U.S District Judge T.S. Ellis III has repeatedly reminded the six men and six women that they are not to discuss or research the case with anyone, doing so at the beginning of the day’s deliberations and at the end. He urged jurors to put the trial out of their minds.

The jury was not sequestered over the weekend, likely making it difficult for them to avoid coverage of the trial following a bevy of tweets from President Trump attacking special counsel Robert Mueller.

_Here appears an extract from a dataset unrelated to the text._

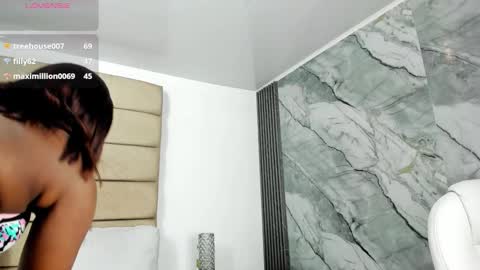 Snapshot of ely_brown chatting on 03/10/26, 03:33 ely brown online show from 03/10/26, 03:33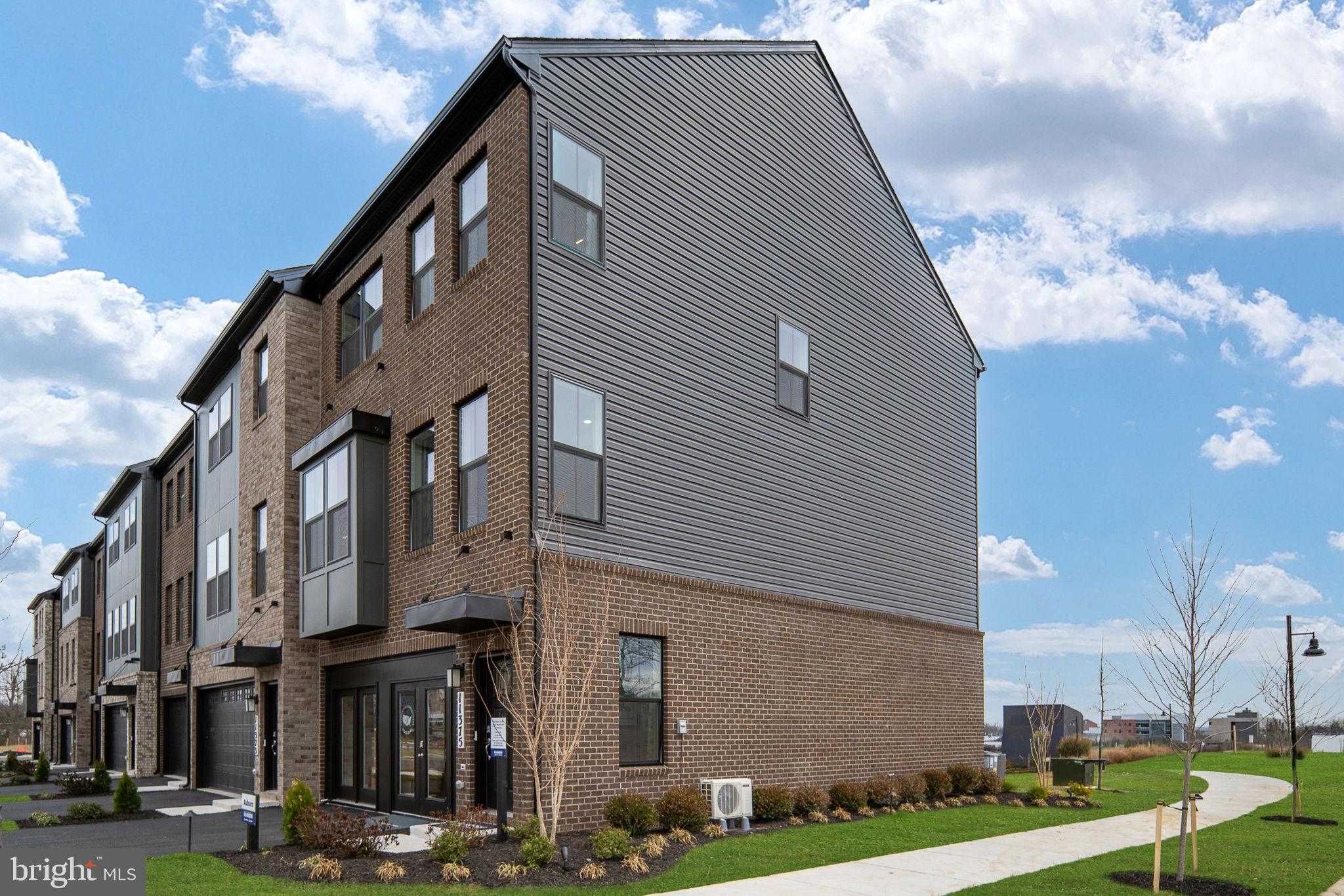 11365 Hypatia Loop photo 6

Just two hours before jurors met Monday morning, Trump called Mueller and his team a “group of Angry Democrat Thugs” and said they are a “National Disgrace!” He told reporters Friday the trial involving Manafort is “sad” and called his former campaign chairman a “very good person.”

Manafort faces 18 counts of tax and bank fraud, and his trial is the first stemming from Mueller’s investigation into Russian interference in the 2016 election.

Over a span of three weeks, the 12-member jury heard testimony from 27 witnesses and viewed 388 exhibits from prosecutors.

Mueller’s team alleges Manafort concealed millions of dollars he earned for political consulting work in Ukraine in 31 foreign bank accounts and underreported his income to the Internal Revenue Service.

While Manafort made millions of dollars for his political and policy work for Ukrainian President Viktor Yanukovych and the Party of Regions, the government says that changed after Yanukovych was forced from power in 2014. It was after Yanukovych’s ouster that prosecutors say Manafort began lying to banks in order to secure millions of dollars in loans.

Manafort’s lawyers argue that Manafort was not engaged in any sort of scheme to conceal income, saying it was his former protege, Rick Gates, who lied and stole from Manafort to enrich himself.

Jury deliberations in Manafort’s trial began Thursday morning, and jurors presented Ellis with a list of four questions before recessing on the first day.

Among those queries were the definition of “reasonable doubt” as well as for clarification on the law for reporting foreign bank accounts. Jurors ended Friday’s deliberations a bit early — one juror had an event to attend — but with no questions.